Esatte casualità sublimi nefandezze
Per la prima volta, dopo tanti anni di attività, Paolo Pallara ha voluto accompagnare una sua mostra con due brevi scritti. Conoscendolo da tempo e apprezzandone da sempre la magistrale manifattura e la parsimonia verbale, ho trovato la cosa sorprendente, chiaro indizio di un coinvolgimento molto più personale del solito che anche la scelta dell’intima collocazione espositiva conferma.
Per la prima volta, da che io ricordi, Paolo Pallara espone dipinti in cui compare la figura, umana, allo stato larvale o di incubo, tanto più evocativa e patetica quanto meno definita.
Queste due novità aiutano certamente a delimitare il campo delle possibili interpretazioni, ma non evitano la domanda di fondo, se cioè le macchie di cui ci stiamo occupando siano il principio generativo dell’opera o siano ciò che la contamina, in altre parole se si tratta di quadri di macchie o di quadri con macchie. In altre parole ancora: è possibile individuare, nella totalità dei segni tracciati, quelli che potremmo definire macchie, distinti dagli altri come se appartenessero a due mondi differenti?

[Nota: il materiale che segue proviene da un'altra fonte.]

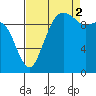 Bangor tide chart for Tuesday, September 2, 2025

La macchia, in arte, può essere il pretesto che scatena l’invenzione, ma può anche possedere totale autonomia, insomma, se alcune macchie hanno la possibilità di acquisire un’aura artistica l’arte ha comunque il potere di servirsi di ogni tipo di macchia. Quale la strada intrapresa da Paolo Pallara? La risposta sembra più facile se leggiamo i suoi testi verbali, ma attraversare i suoi fogli strappati e colorati per cercarla è infinitamente più affascinante.